Data items

▽

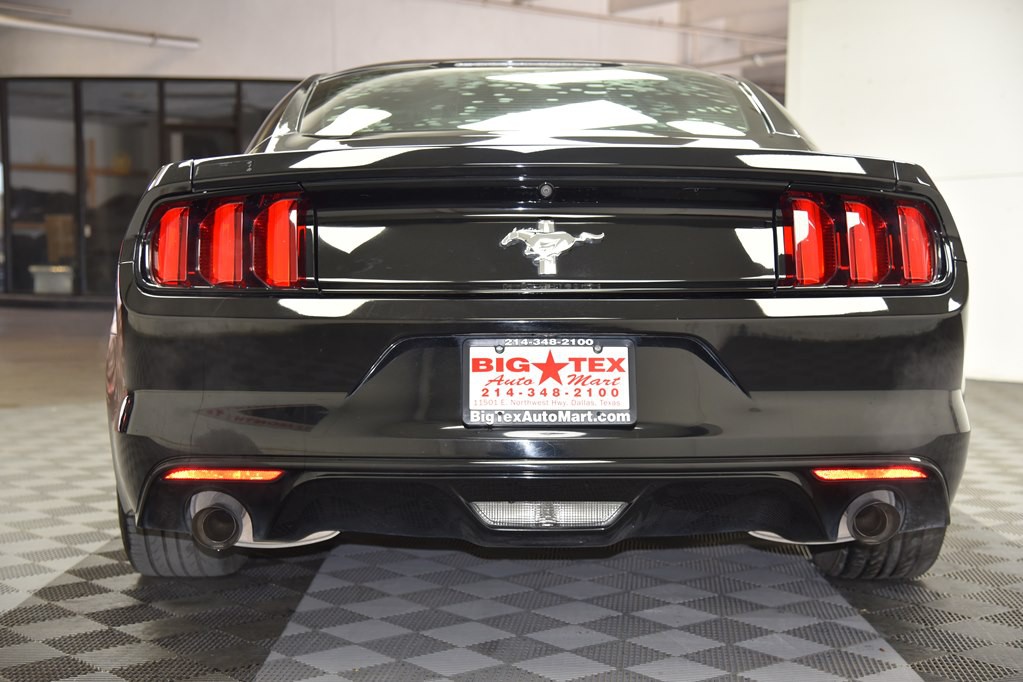 2017 Ford Mustang Image 17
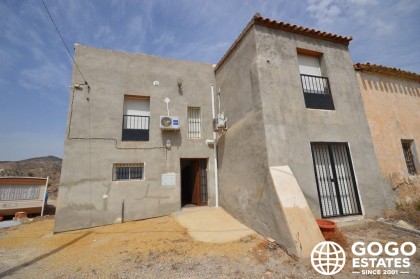 Amplia Casa de Campo en Almería con Vistas a las Montañas
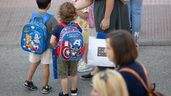 Vuelta al cole, dos niños con mochilas
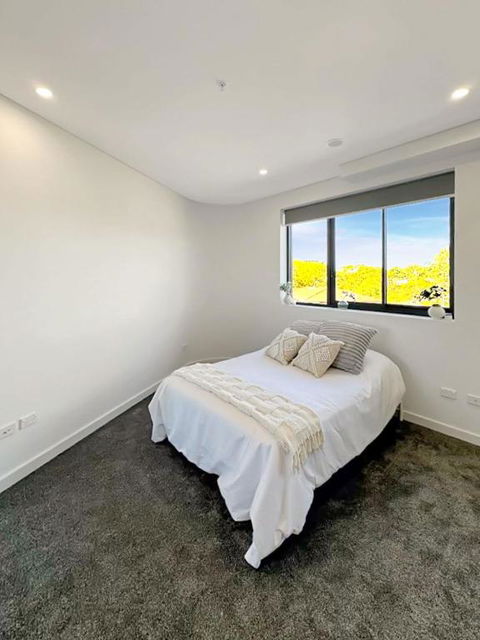 Modern 2BR Suite With Balcony & Parking Near Airport - Holiday Sunshine Coast 2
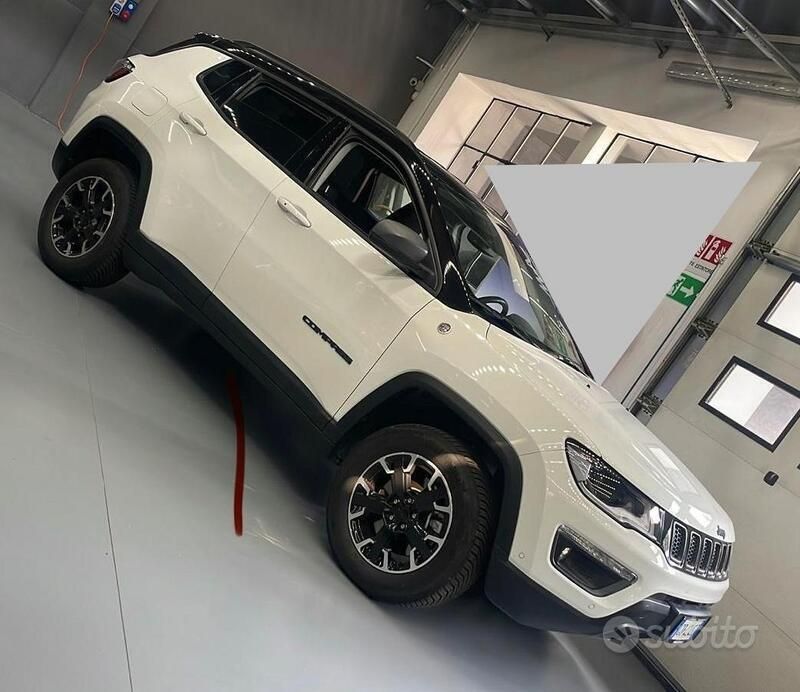 Bianco Usata 2020 Jeep Compass SUV | 28.000 € - Immagine 1/3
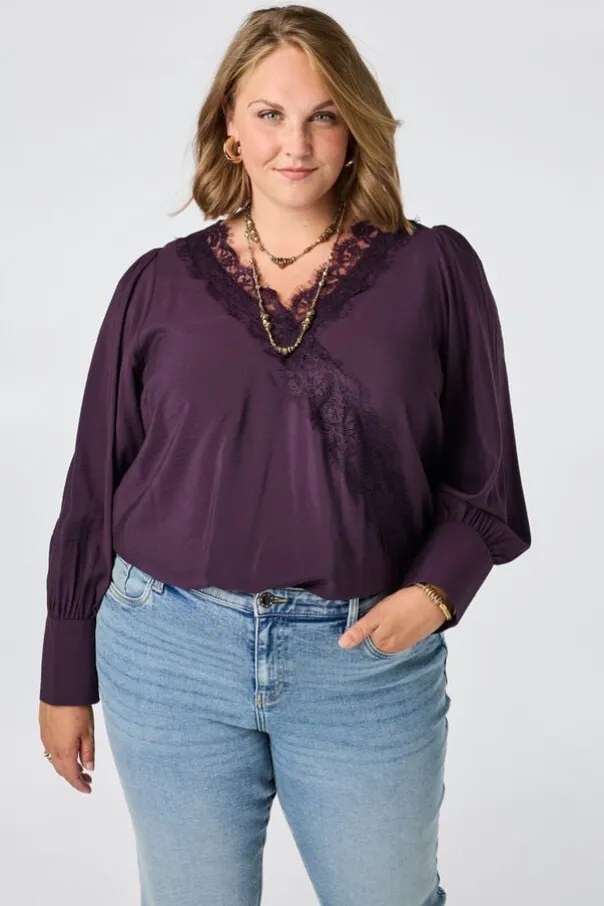 Blouse avec détails en dentelle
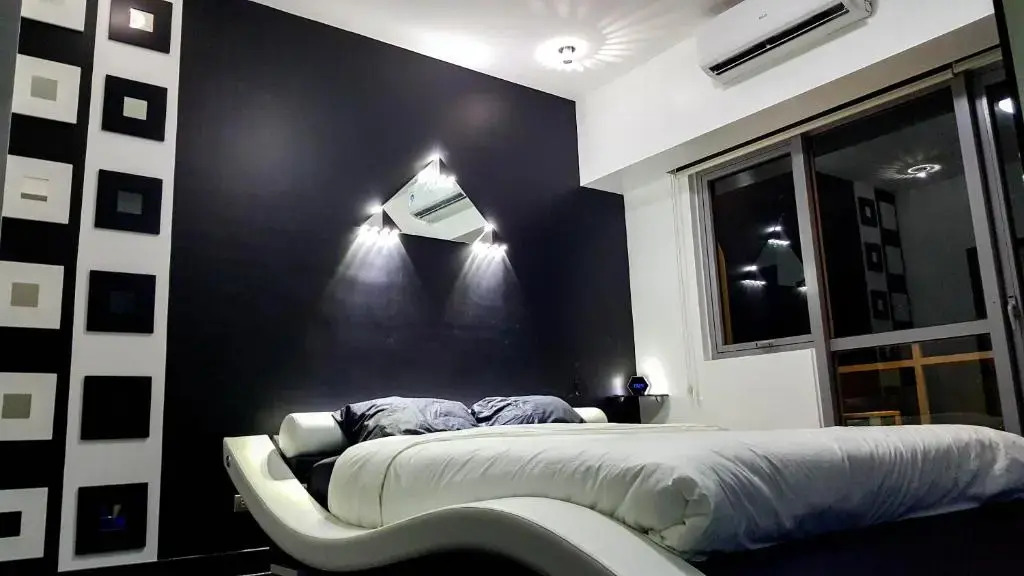 Modern Luxury Lower Penthouse Unit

△

◆ **Exercise goal**: Copy exactly the lines from the one containing "Blouse avec détails en dentelle" through the final line of the records above, both included, and leave out any pictures.

◆ **Expected answer**:
 Blouse avec détails en dentelle
 Modern Luxury Lower Penthouse Unit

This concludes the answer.